__Exercise__. From the records below, output exactly the lines running from the line containing "Табличка металлическая Добро" through the line containing "Cat nursery art print, personalized", and no others.

__Dataset excerpts__.
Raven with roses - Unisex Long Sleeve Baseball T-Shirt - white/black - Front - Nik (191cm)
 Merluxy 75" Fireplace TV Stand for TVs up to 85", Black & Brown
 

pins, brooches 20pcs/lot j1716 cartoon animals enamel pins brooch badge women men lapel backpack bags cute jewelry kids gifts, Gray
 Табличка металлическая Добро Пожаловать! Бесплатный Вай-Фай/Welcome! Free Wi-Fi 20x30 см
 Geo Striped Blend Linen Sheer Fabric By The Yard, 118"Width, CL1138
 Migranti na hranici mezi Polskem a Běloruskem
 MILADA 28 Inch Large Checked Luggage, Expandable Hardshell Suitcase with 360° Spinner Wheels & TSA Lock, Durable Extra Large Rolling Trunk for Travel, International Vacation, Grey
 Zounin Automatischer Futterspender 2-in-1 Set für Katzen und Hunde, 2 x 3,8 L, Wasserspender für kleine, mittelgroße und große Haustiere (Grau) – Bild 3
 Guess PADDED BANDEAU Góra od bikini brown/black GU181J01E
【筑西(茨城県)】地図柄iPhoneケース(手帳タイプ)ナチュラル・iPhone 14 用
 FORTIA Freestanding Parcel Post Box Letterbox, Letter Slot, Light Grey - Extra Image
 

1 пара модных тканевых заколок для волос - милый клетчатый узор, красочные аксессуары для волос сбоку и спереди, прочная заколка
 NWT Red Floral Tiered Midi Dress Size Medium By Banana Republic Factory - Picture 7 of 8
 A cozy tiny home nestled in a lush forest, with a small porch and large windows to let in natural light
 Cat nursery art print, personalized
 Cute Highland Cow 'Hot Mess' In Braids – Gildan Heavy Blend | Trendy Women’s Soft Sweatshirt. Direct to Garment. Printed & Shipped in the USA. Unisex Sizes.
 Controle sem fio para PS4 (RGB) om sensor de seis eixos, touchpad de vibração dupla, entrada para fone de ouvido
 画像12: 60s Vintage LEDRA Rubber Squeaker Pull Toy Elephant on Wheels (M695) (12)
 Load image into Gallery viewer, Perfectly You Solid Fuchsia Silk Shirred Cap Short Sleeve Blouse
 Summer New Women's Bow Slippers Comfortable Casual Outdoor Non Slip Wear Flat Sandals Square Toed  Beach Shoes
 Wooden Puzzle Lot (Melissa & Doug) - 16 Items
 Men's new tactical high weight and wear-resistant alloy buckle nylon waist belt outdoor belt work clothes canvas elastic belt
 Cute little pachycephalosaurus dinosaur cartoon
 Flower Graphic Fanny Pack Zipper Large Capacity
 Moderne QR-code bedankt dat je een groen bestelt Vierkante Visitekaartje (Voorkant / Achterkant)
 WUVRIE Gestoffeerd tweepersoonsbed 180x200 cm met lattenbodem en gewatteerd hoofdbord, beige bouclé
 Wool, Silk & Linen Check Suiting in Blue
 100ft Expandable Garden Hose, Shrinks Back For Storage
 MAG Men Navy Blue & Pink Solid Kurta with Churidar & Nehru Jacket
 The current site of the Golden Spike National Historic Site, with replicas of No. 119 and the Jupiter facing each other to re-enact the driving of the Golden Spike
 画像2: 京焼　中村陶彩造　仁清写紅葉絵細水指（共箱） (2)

__Result of the task__.
 Табличка металлическая Добро Пожаловать! Бесплатный Вай-Фай/Welcome! Free Wi-Fi 20x30 см
 Geo Striped Blend Linen Sheer Fabric By The Yard, 118"Width, CL1138
 Migranti na hranici mezi Polskem a Běloruskem
 MILADA 28 Inch Large Checked Luggage, Expandable Hardshell Suitcase with 360° Spinner Wheels & TSA Lock, Durable Extra Large Rolling Trunk for Travel, International Vacation, Grey
 Zounin Automatischer Futterspender 2-in-1 Set für Katzen und Hunde, 2 x 3,8 L, Wasserspender für kleine, mittelgroße und große Haustiere (Grau) – Bild 3
 Guess PADDED BANDEAU Góra od bikini brown/black GU181J01E
【筑西(茨城県)】地図柄iPhoneケース(手帳タイプ)ナチュラル・iPhone 14 用
 FORTIA Freestanding Parcel Post Box Letterbox, Letter Slot, Light Grey - Extra Image
 

1 пара модных тканевых заколок для волос - милый клетчатый узор, красочные аксессуары для волос сбоку и спереди, прочная заколка
 NWT Red Floral Tiered Midi Dress Size Medium By Banana Republic Factory - Picture 7 of 8
 A cozy tiny home nestled in a lush forest, with a small porch and large windows to let in natural light
 Cat nursery art print, personalized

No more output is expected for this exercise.